### WORK TO BE COMPLETED
Only one span of the listing below is wanted: the lines from the one with "2020 Hyundai Palisade" through the one with "COMPATTA - The", reproduced exactly, both ends kept.
───── SOURCE RECORDS ─────
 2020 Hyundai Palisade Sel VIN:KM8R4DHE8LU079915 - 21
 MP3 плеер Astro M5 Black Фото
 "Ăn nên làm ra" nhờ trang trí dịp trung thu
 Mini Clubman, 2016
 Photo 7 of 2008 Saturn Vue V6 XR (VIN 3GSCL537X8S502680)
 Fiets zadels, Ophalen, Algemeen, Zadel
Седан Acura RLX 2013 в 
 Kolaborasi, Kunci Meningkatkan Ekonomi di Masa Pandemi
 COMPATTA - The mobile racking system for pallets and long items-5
─────
───── SOURCE RECORDS ─────
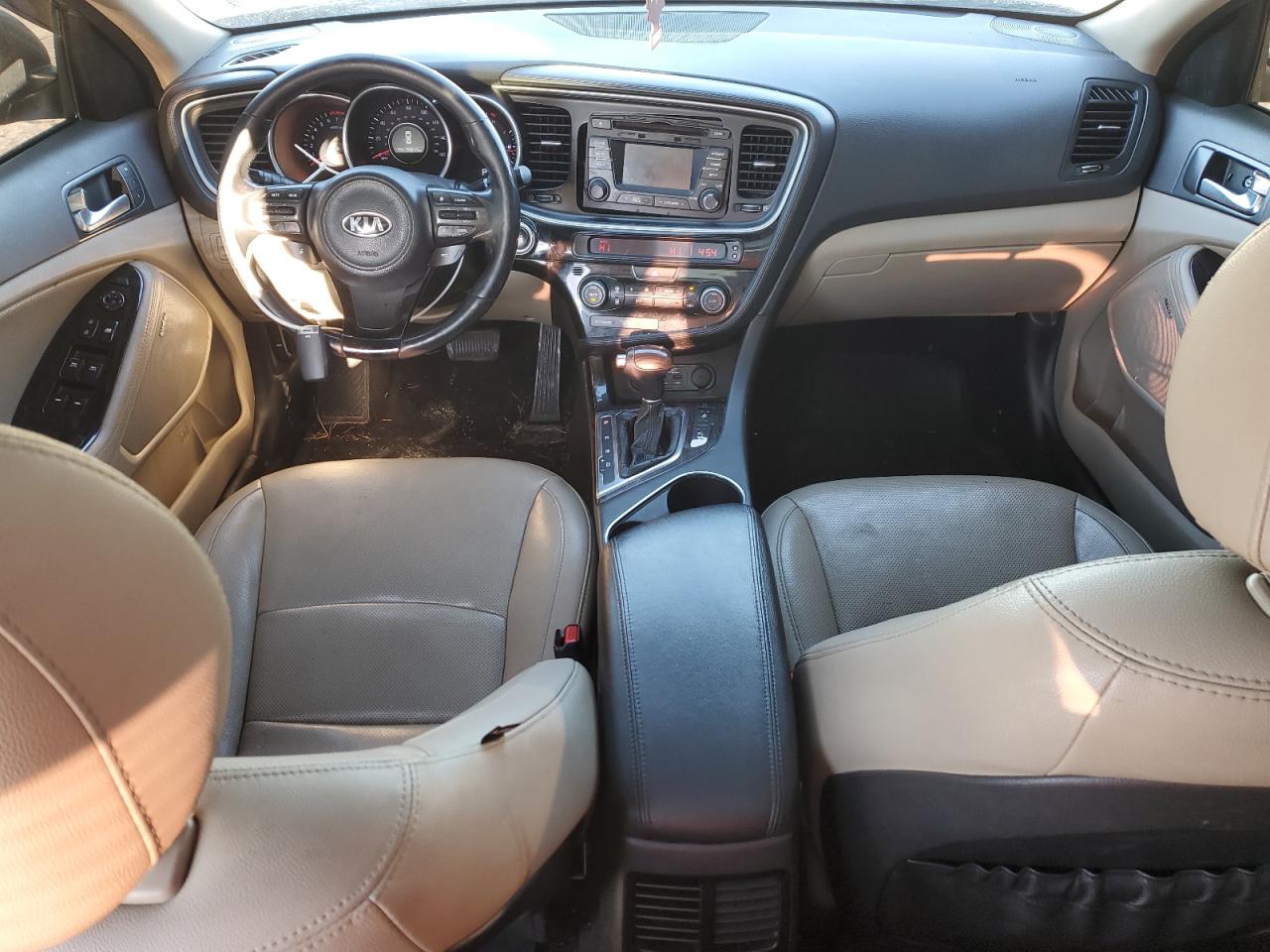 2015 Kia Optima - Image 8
─────
───── SOURCE RECORDS ─────
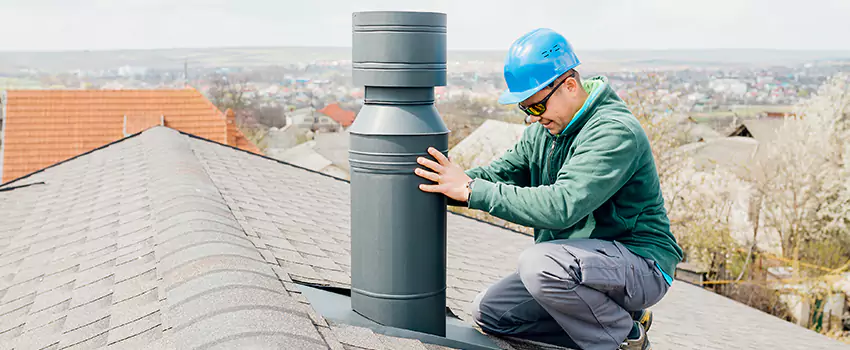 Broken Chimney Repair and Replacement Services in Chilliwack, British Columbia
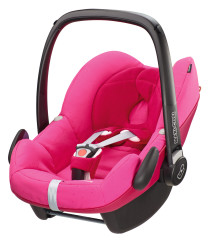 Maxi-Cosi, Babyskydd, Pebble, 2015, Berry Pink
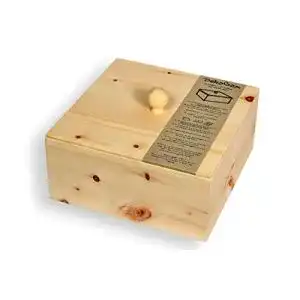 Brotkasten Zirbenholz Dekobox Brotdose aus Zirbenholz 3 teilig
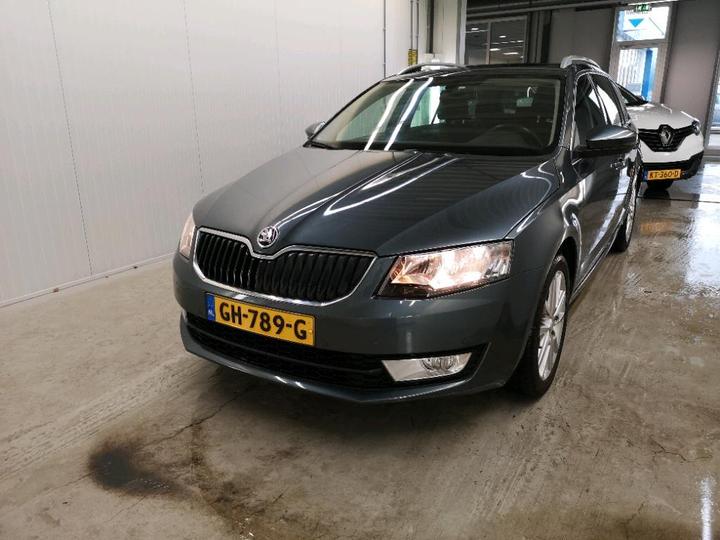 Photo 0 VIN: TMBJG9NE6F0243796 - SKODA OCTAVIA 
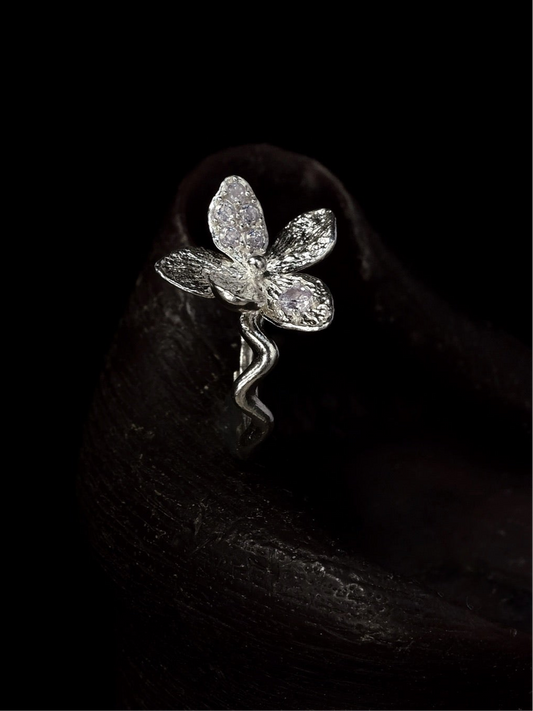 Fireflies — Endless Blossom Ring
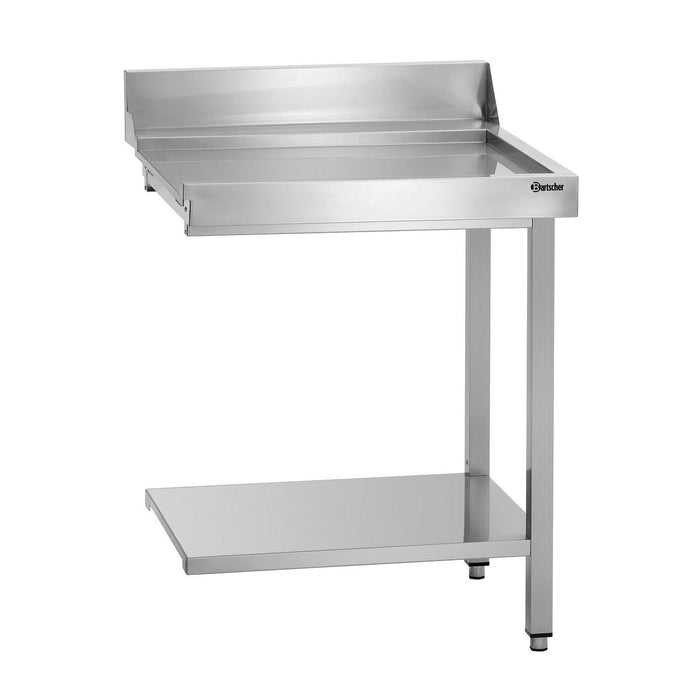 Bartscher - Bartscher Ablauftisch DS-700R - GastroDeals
─────
### COMPLETED TASK
 2020 Hyundai Palisade Sel VIN:KM8R4DHE8LU079915 - 21
 MP3 плеер Astro M5 Black Фото
 "Ăn nên làm ra" nhờ trang trí dịp trung thu
 Mini Clubman, 2016
 Photo 7 of 2008 Saturn Vue V6 XR (VIN 3GSCL537X8S502680)
 Fiets zadels, Ophalen, Algemeen, Zadel
Седан Acura RLX 2013 в 
 Kolaborasi, Kunci Meningkatkan Ekonomi di Masa Pandemi
 COMPATTA - The mobile racking system for pallets and long items-5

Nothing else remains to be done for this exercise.